Dans la foulée de l’entente annoncée le 16 octobre par Bombardier et Airbus, qui a pris le contrôle du programme CSeries en échange de son savoir-faire en vente et en entretien, le département du Commerce américain a demandé aux parties prenantes de son enquête de se prononcer.
«La seule raison d’effectuer toute forme d’assemblage aux États-Unis serait de tenter de contourner les droits compensateurs et antidumping qui découlent des enquêtes, a écrit Boeing dans sa réponse transmise lundi au secrétaire du Commerce, Wilbur Ross. Mais même comme méthode de contournement, ceci est voué à l’échec. Bombardier importerait des avions CSeries assemblés en totalité ou en partie aux États-Unis, ces deux cas se situant à l’intérieur des balises des enquêtes.»

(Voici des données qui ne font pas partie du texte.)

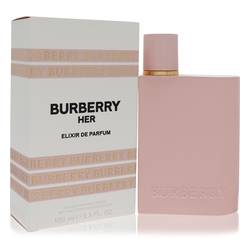 Burberry Her Elixir Fragrance by Burberry undefined undefined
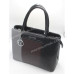 Сумки жіночі 6209 black-coffee-gray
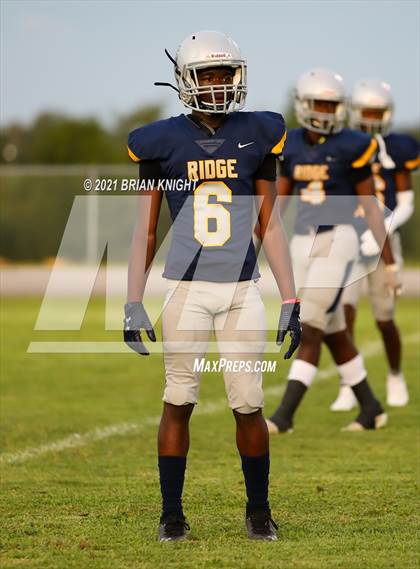 Thumbnail 1 in Bartow @ Ridge Community photogallery.
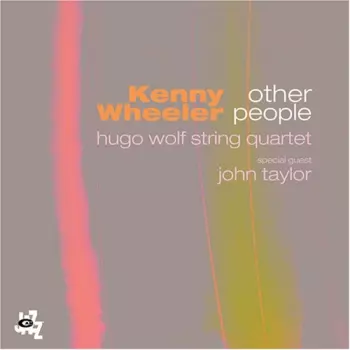 John Taylor: Other People
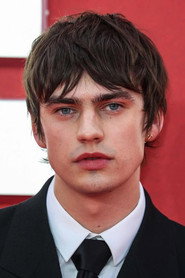 Photo of Spike Fearn as Casey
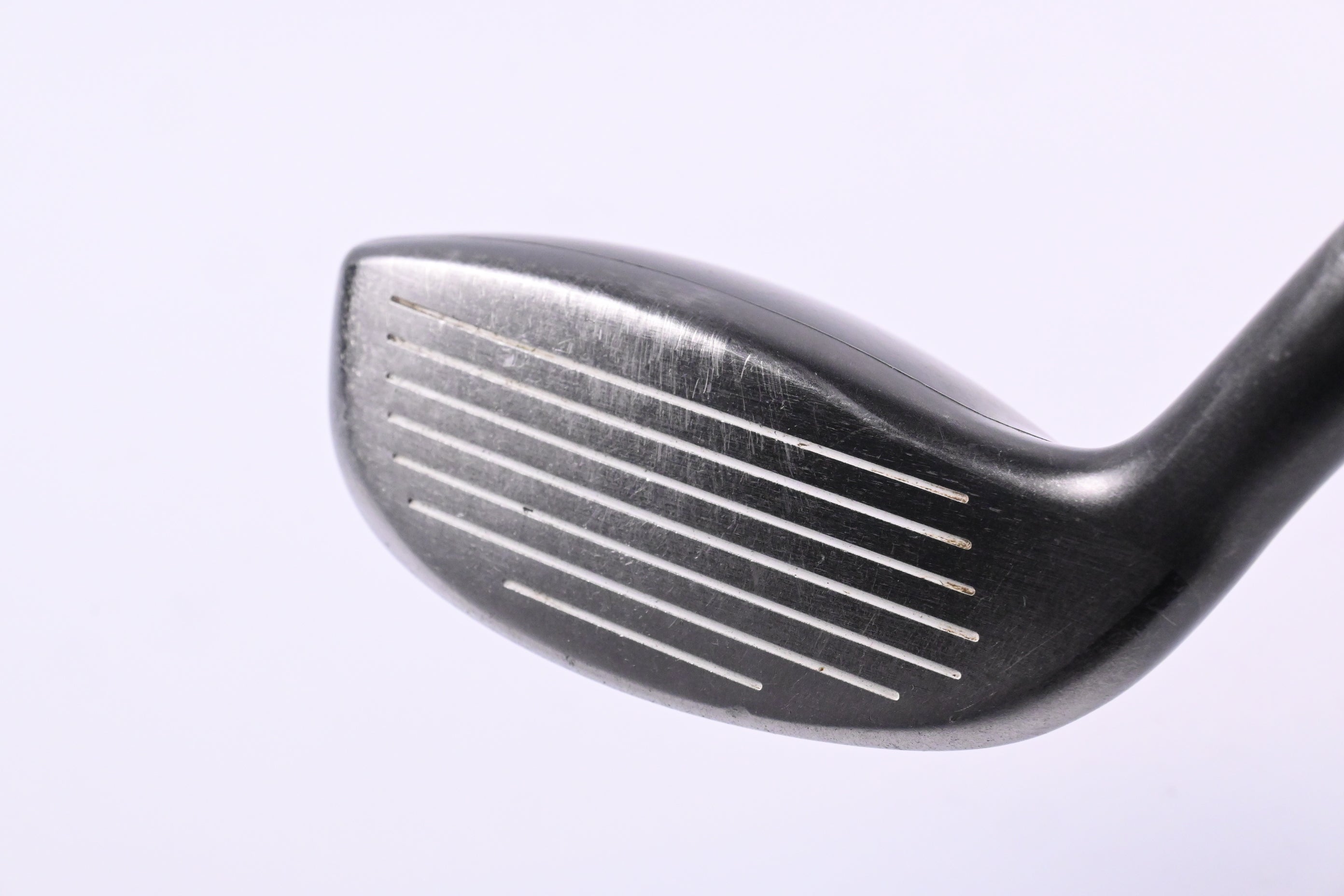 Ping i20 #4 Hybrid / 23 Degree / Regular Flex Ping TFC 707 Shaft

Les enquêtes de Washington ont commencé cet été à la suite d’une plainte de Boeing déposée en avril 2017. Le département du Commerce a annoncé à la fin de septembre et au début d’octobre des droits compensateurs et antidumping d’environ 300%, ce qui quadruplerait le prix des appareils éventuellement livrés à Delta. Ces décisions sont préliminaires.
Contenu américain
Bombardier a déjà affirmé que plus de la moitié des pièces utilisées pour l’assemblage des avions CSeries à Mirabel proviennent de fournisseurs américains. Lors d’une récente conférence téléphonique avec des analystes, son président, Alain Bellemare, a dit qu’ils en contenaient plus que les avions 787 de Boeing.
Quand Airbus a indiqué qu’elle agrandirait ses installations de Mobile, en Alabama, pour y assembler des appareils CSeries, plusieurs y ont vu un potentiel coup dur à l’argumentaire de Boeing.
Selon Boeing, Bombardier et la Société en commandite Avions CSeries (SCACS) « n’ont pas assez de commandes pour les appareils CSeries afin de maintenir une pleine production à Mirabel» dans un avenir prévisible.
La transaction proposée entre Airbus et Bombardier ne devrait être finalisée que dans la deuxième moitié de 2018, a ajouté la société basée à Seattle. «Même rendus là, nous ne connaîtrons pas la nature ou l’ampleur des travaux […] qui pourraient être effectués à Mobile. Il faudrait des années pour mettre en oeuvre cette décision. […] La coentreprise et les plans théoriques pour l’Alabama ne sont pas pertinents aux enquêtes.»
Le marché américain est particulièrement intéressant pour la CSeries, un appareil monocouloir de 100 à 150 sièges présenté comme plus économique, sophistiqué et silencieux. La commande de Delta, annoncée au début de 2016, porte sur 75 avions CS100, une transaction potentielle de 5,6 milliards $US, selon le prix affiché. Elle comprend aussi une option sur 50 avions CS100 ou CS300 supplémentaires.
Delta est d’avis que la plainte de Boeing ne tient pas la route, car l’entreprise de Seattle n’avait aucun avion à proposer dans la taille d’appareils que cherchait Delta. De plus, aucun avion n’a été importé et livré à ce jour, a indiqué Delta dans un document déposé à Washington lundi.
But de l’enquête
De son côté, Bombardier a fait valoir lundi que la période visée par l’enquête de Washington se situait avant l’annonce avec Airbus. Il serait donc illogique que le département du Commerce en tienne compte dans le cadre d’une décision définitive sur les droits compensateurs et antidumping, selon Bombardier.
Ces deux décisions définitives sont attendues le mois prochain.